All the while, Schneider‘s Rosalie reacts to César’s temper and David’s seeming indifference with saintly patience. Shneider delivers her lines with the freshness of flowers pulled fresh from the ground. Her beauty is marine and her serenity places her firmly on an island. This makes Rosalie resilient: she wants both men, but needs neither.
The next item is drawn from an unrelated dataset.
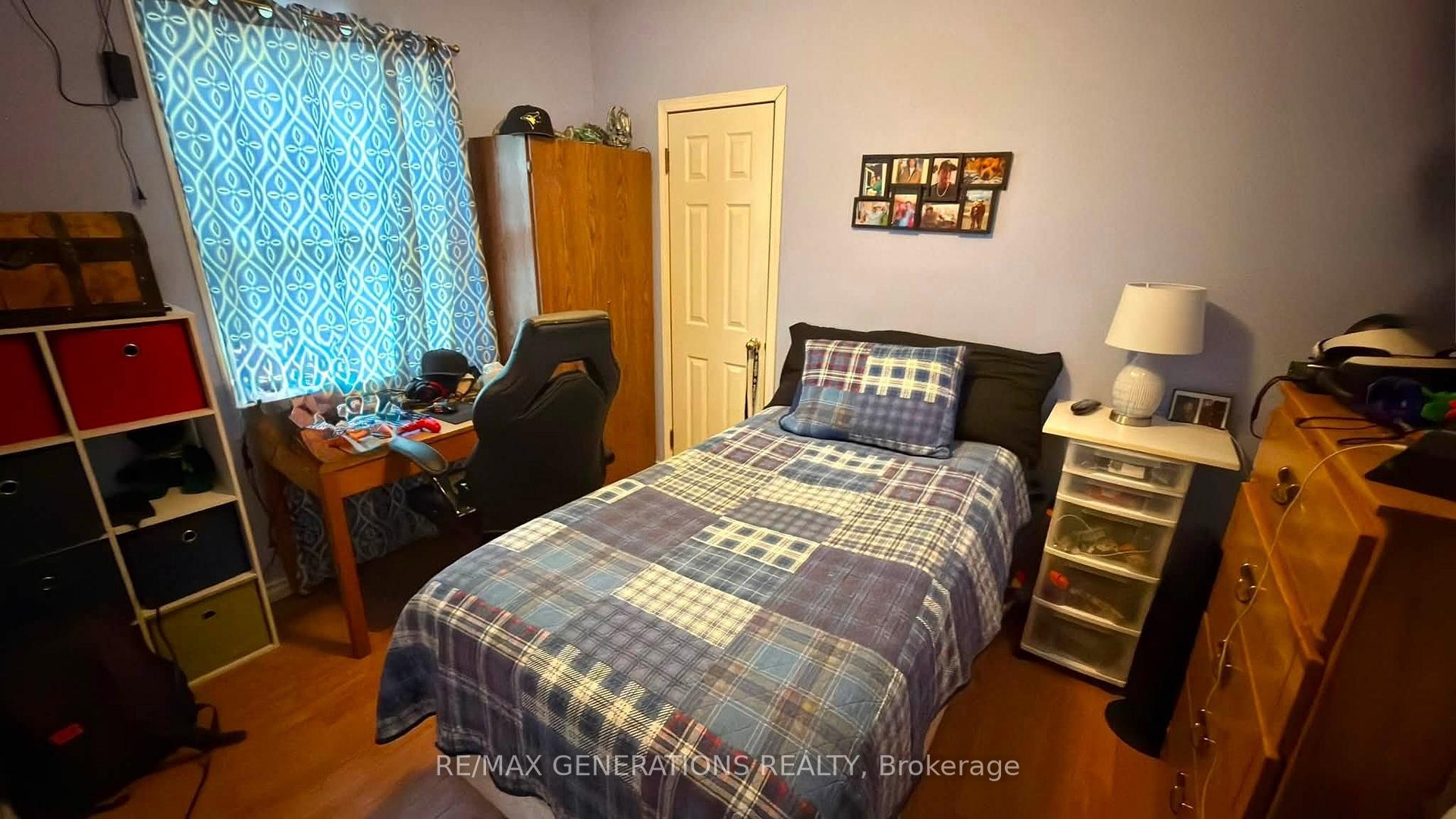 Photo 12 of 149 Prospect Avenue, Thunder Bay, College Heights — HOMEH
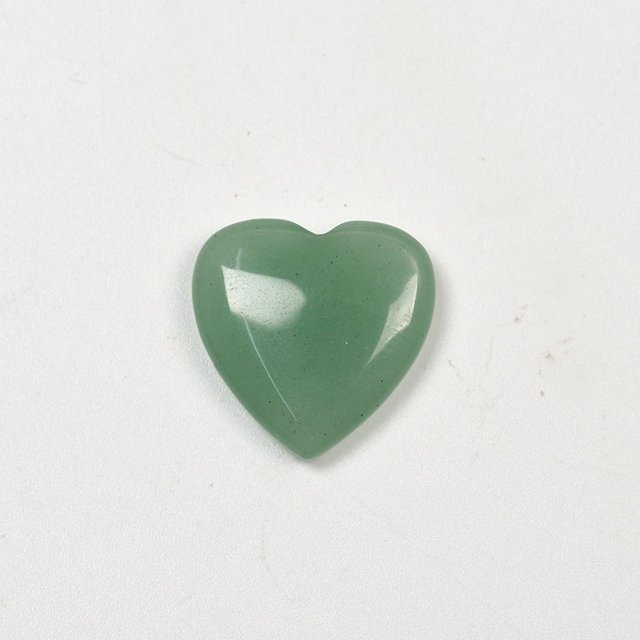 Granjero Gordo 10 piezas de piedra cruda de cristal verde natural mini 2 * 2 cm decoración de piedra natural en forma de corazón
Rosalie takes her strength from her siblings, her mother and her daughter, with whom she lives in a large, rambling house. The domestic scenes are convincing. The viewer could be a cat, sitting in a room’s doorway, watching warm chaos play out. It’s worth noting that nineteen year-old Isabelle Huppert plays Marite (Rosalie’s sister). It’s one of Huppert’s first film roles, onto which she impresses her characteristic chilly and intense regard.
Despite his short fuse, César is intelligent enough to conclude that if he wants Rosalie to be happy and not leave him, he must tolerate the presence of David. And so César seeks out David and invites him to stay at their summer beach house in the Vendée. Here, Sautet treats us to a blustery ‘male bonding scene’: David and César sporting identical mackintoshes, stiff and toy-duck yellow, on a boat, sailing a choppy sea.
Rosalie appears at peace with the situation but then makes the decision to leave. The voiceover explains: ‘so she can rely on herself and trust time.’ Her two men are confused, yet their friendship strengthens.
Sautet expresses a certain cinematic wisdom about relationships. There is no moral code: it’s just about getting along together. César and Rosalie break the rules, and a new love is created. It’s a distant star, even in this present day, and it’s Shneider’s Rosalie that controls its brightness.